Ich weiß nicht, wie es geschehen ist. In einem Moment kämpfte sie mit ihm, ihm anderen Moment fing Luigi sie, schien sie in einer Umarmung festzuhalten und plötzlich gaben ihre Beine nach. Mit ihrer letzten Kraft wollte sie mir etwas sagen, doch die Schüsse und Kampflaute übertönten ihre Stimme. Mein Herz zieht sich zusammen. Ich werde nie erfahren, was ihre letzten Worte waren.

Ich lege meine von Blut überzogenen Finger auf meine Wange, spüre die klebrige Spur von Tränen auf meiner Haut. Tränen, Schweiß und Blut vermischen sich.

Wieso musste es soweit kommen? Wie konnte es soweit kommen? Ich verstehe es nicht. Nichts macht Sinn. Wie habe ich das verdient? Wie hat meine Mama dieses Schicksal verdient? Ich verstehe es nicht. Ich kann diese Last auf mir nicht länger ertragen, die mir meine Brust zuschnürt, mir die Luft abschneidet und mein Herz bluten lässt. Wie soll ich je wieder glücklich werden? Ich dachte, ich hätte sie zurückgewonnen. Ich dachte, meine Mama wäre zurück und alles würde gut werden.

Ich habe es noch nicht realisiert. Ich habe noch nicht realisiert, dass sie wahrhaftig weg ist. Für immer. Ich habe es mit meinen eigenen Augen gesehen. In meinem Kopf würde endlose Stille herrschen, wenn nicht die Rachelust in mir schreien würde.

Mein Blick huscht über den dreckigen Boden, der aussieht, als würde der Kampf schon Tage andauern. Meine Augen haften sich an ein blutiges Messer, welches nur wenige Meter von mir entfernt auf dem Boden liegt, ebenso wie ein Wurfstern. Ich steige über Leichen, weiche Schläge aus, und passe auf, nicht auf dem Blut auszurutschen, als ich mich dem Messer krabbele. Dabei ignoriere ich die Schmerzen, die insbesondere von meinen Beinen ausgehen.
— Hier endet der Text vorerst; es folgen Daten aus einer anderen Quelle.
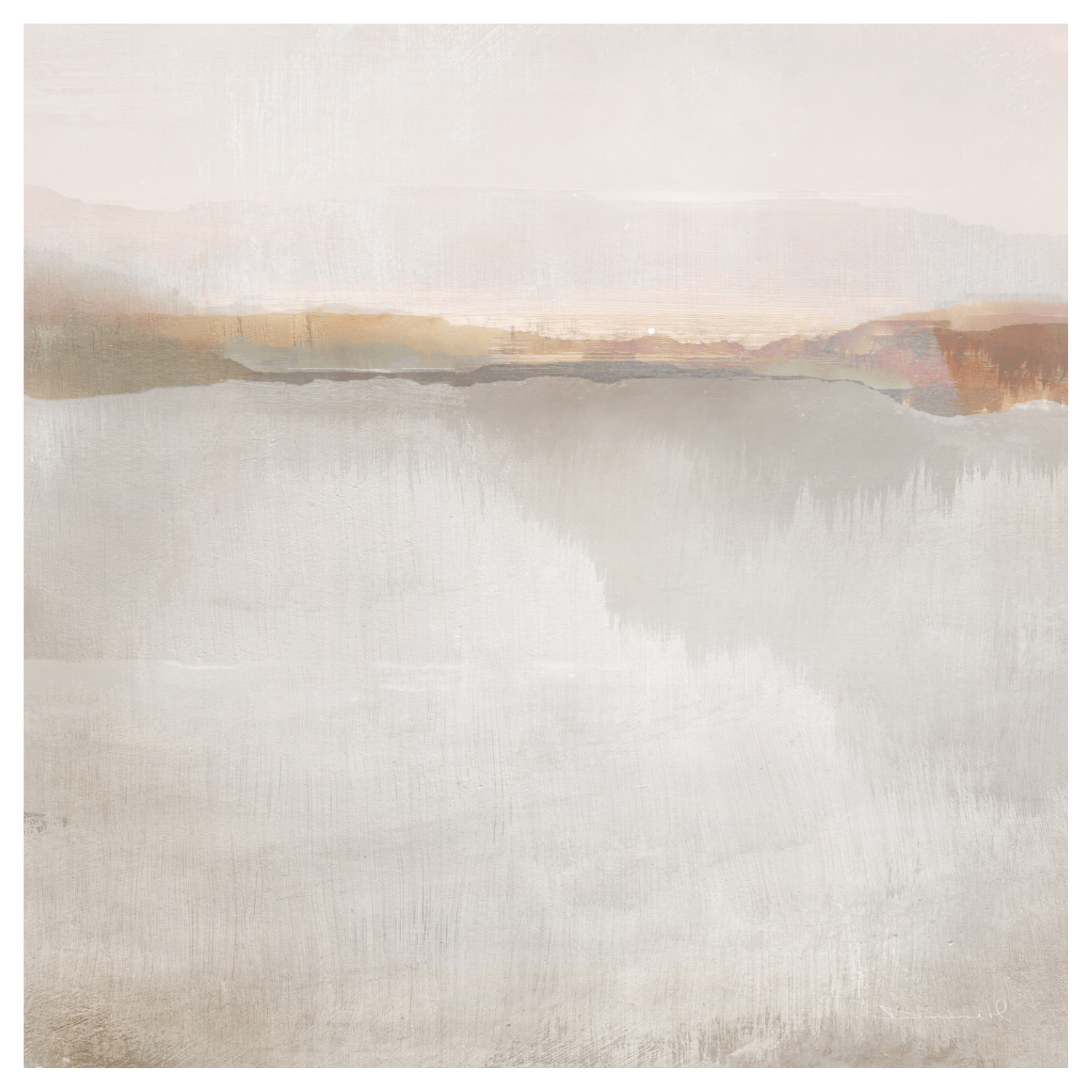 The New Day - Giri Designs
Gerade nachdem ich das Wurfstern gepackt habe und das Messer umgreife, stolpert jemand gegen mich, verliert sein Gleichgewicht und fällt mit seinem Rücken nach hinten auf den Boden. Ich versenke das Messer in seiner Brust, nur um es dann zusätzlich in seinen Magen, seine Intimzone, sein Oberschenkel und erneut in sein Herz zu stechen. Ob ich wütend bin? Und wie.

Weitere zehn Sekunden benutze ich den Blauhaarigen wie ein Nadelkissen, nur dass ich die Nadel immer wieder herausziehe und neu hereinsteche. Macht Spaß. Besser als Therapie.